Alex Gibbon gives us the low-down on Leeds based four pieced Mega Happy as a prelude to the release of their single ‘I Sit Next to an Empty Seat’.
It’s still early days for promising Leeds-based four-piece Mega Happy, yet with only their fifth release they have attained a striking depth of maturity with a cohesive sound that many artists who are albums deep into their discography only flirt with. True to the forlornness of its title, ‘I Sit Next to an Empty Seat’ offers up a bittersweet slice of melancholia-dripped guitar pop. Think Ian Curtis’ poignant drawl paired with the charm of an album track from a burgeoning Two Door Cinema Club.
From the opening, punchy bass guitar licks, a joyous toe-tapping energy is laid as the song’s foundation. However, it’s not long before the band’s broody introspection comes to the fore with an opening lyrical call that is as defiant as it is resentful. “You said I’d never change,” the singer recalls, “but I’ve changed, I’ve changed, I’ve changed, I’ve changed, I’ve changed.”
“it’s not long before the band’s broody introspection comes to the fore”
In the chorus, simmering high-hats crescendo to vigorous strumming which soon gives way to a stirring interplay between the lead and the rhythm guitars. Paired with images of “Armley’s empty streets” and “stained bed sheets”, the song captures the pain and the beauty of lovelorn reminiscence – a masterful blend of heartache and nostalgia.
This aside, the track truly blossoms when its last third is handed over completely to the instrumentalists. Reaching its conclusion with a dynamic flare and a score of swirling guitar riffs, even with a cheery triple-clap thrown in along the way, the single thrives with an anthemic sound that would rouse even the most dispassionate of listeners.
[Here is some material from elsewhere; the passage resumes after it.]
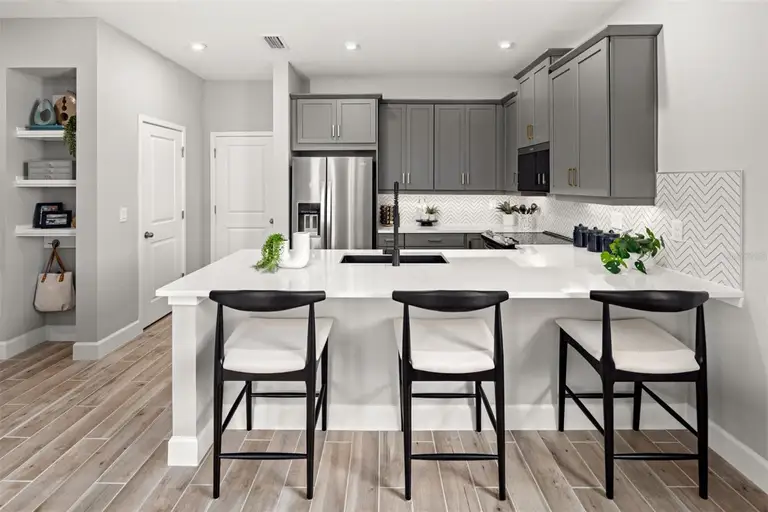 5100 GREENSHADE GROVE AVE — photo 5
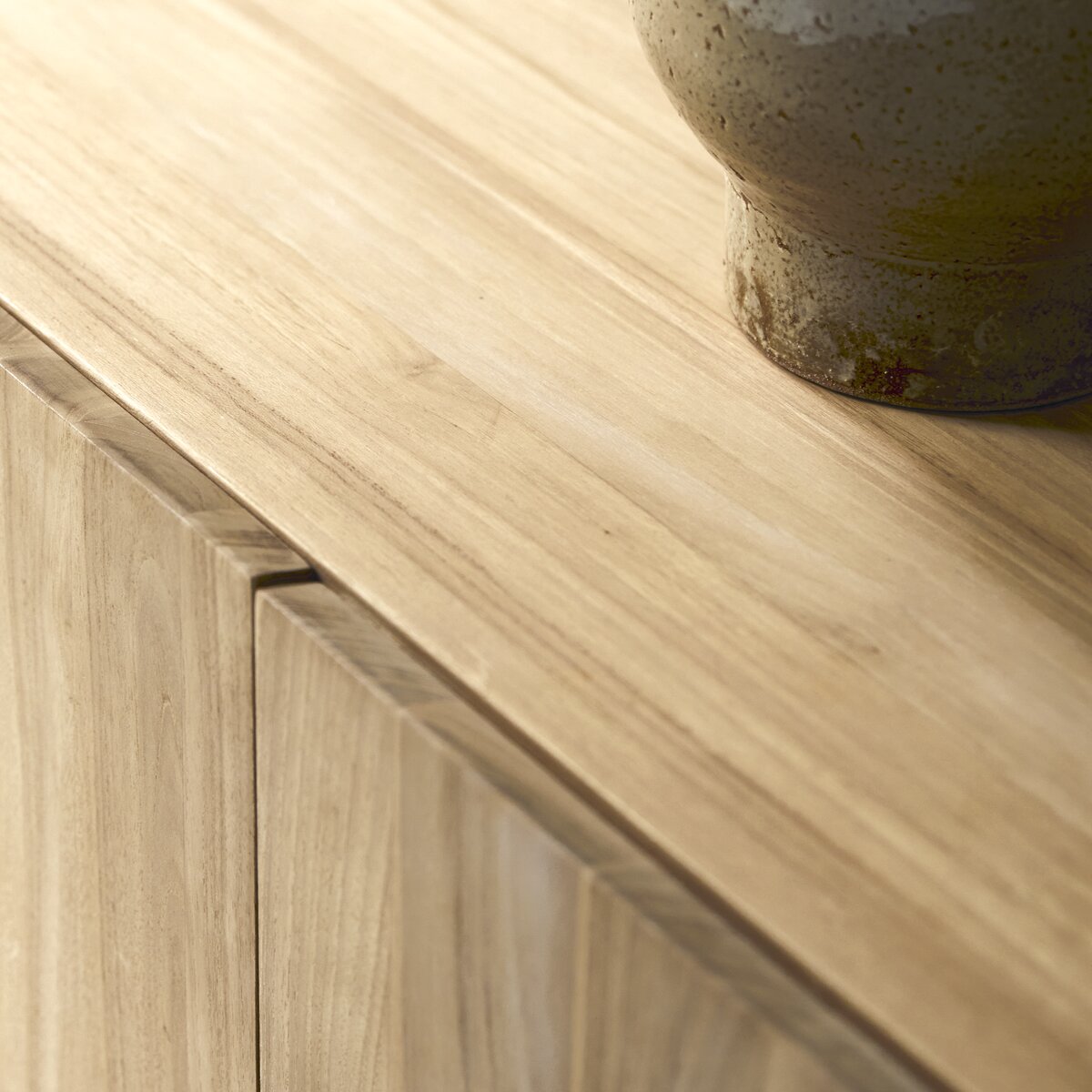 Honorine - TV Schrank aus massivem Teakholz 170 cm Honorine - TV Schrank aus massivem Teakholz 170 cm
“the song captures the pain and the beauty of lovelorn reminiscence – a masterful blend of heartache and nostalgia“
Their latest release may have the key components of a bread-and-butter indie banger but Mega Happy have created something that is more grown-up than the genre of adolescent anguish and teenage rebellion. Being able to develop a seasoned sound while still retaining a youthful vigour is an impressive feat and things can only go up for a budding band who are already beyond their years. Watch this space.